It is no secret that the current state of the U.S. trucking industry has had several negative impacts on logistics and supply chain management. The shortage of drivers and ripple effect from the ELD mandate have caused trucking delays and pricing increases across the country, and are now affecting global supply chains. Indianapolis-based logistics solutions provider TOC Logistics has been monitoring these industry changes closely. Here’s what they find:
- In terms of rate differences, full truckload rates are up more than 25 percent year over year, with drayage rates even greater in some cases. For long-haul contracted lanes, the effect is milder, but pre-booking and cargo availability, as promised, has become critical to maintaining long-haul trucker support.
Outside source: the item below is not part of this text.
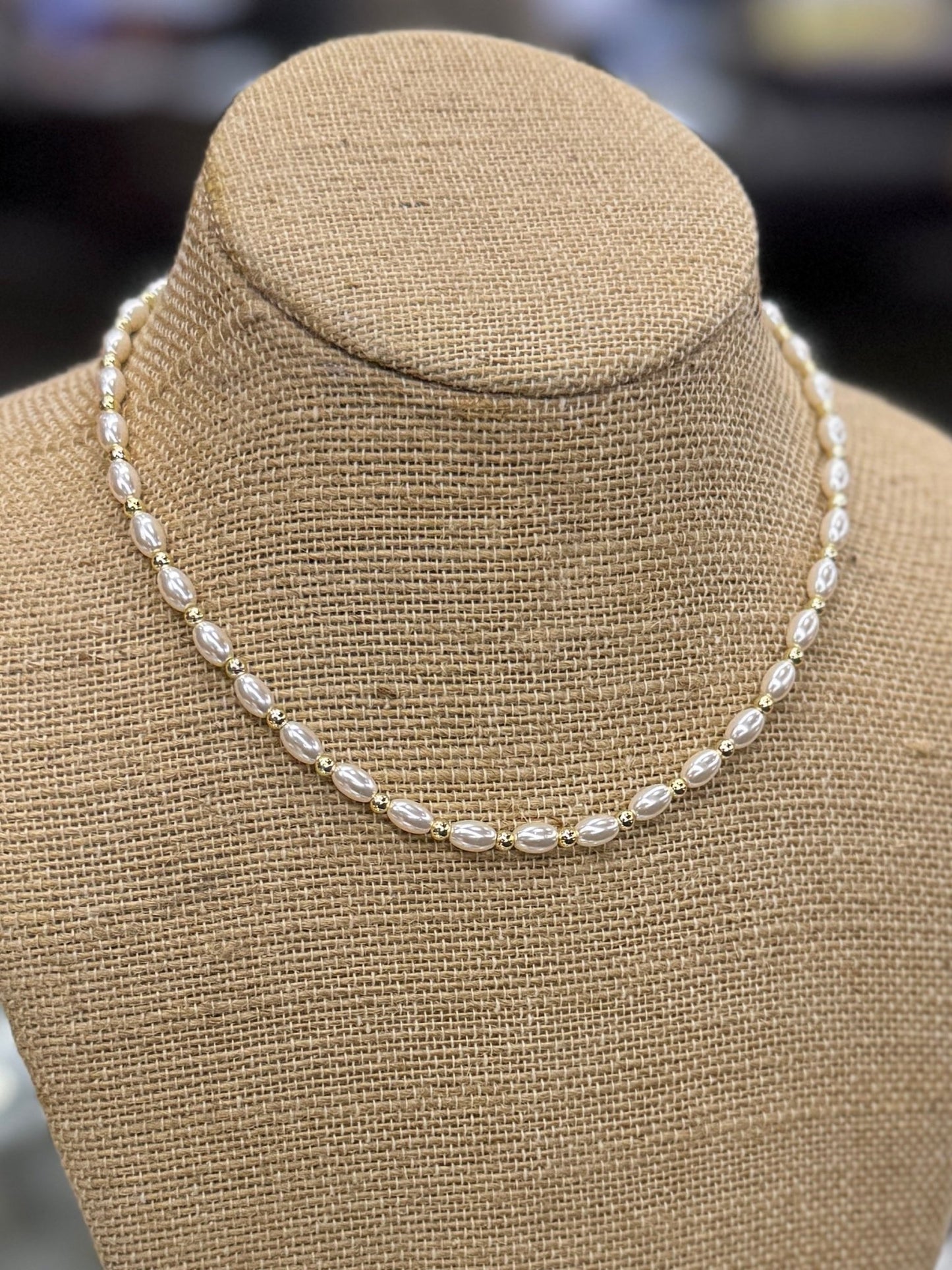 {Rachel} Pearl & Gold Necklace - Cowgirls & City Chics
- Shorter hauls—where drivers could previously discount traffic delays or wait times when reporting “hours”—are the most affected as they now handle fewer loads per driver due to strict ELD enforcement. Spot dray rates often go to the highest bidder, which can quickly drive up costs for ad hoc “must move” freight.
- Ocean freight levels port to port will be consistent with 2017, TOC predicts. Inland port intermodal moves will increase due to capacity pressure, and inland door moves will increase even more, with truckers demanding higher rates per load. These rates will vary per lane, however, and can range from $100 to $400 per load, depending on the length of intermodal connection and door delivery haul.
There is no one-size-fits-all solution for the current issues facing supply chain and logistics management, but TOC recommends shippers constantly monitor prices, delivery times, and customer satisfaction to stay successful in the current market.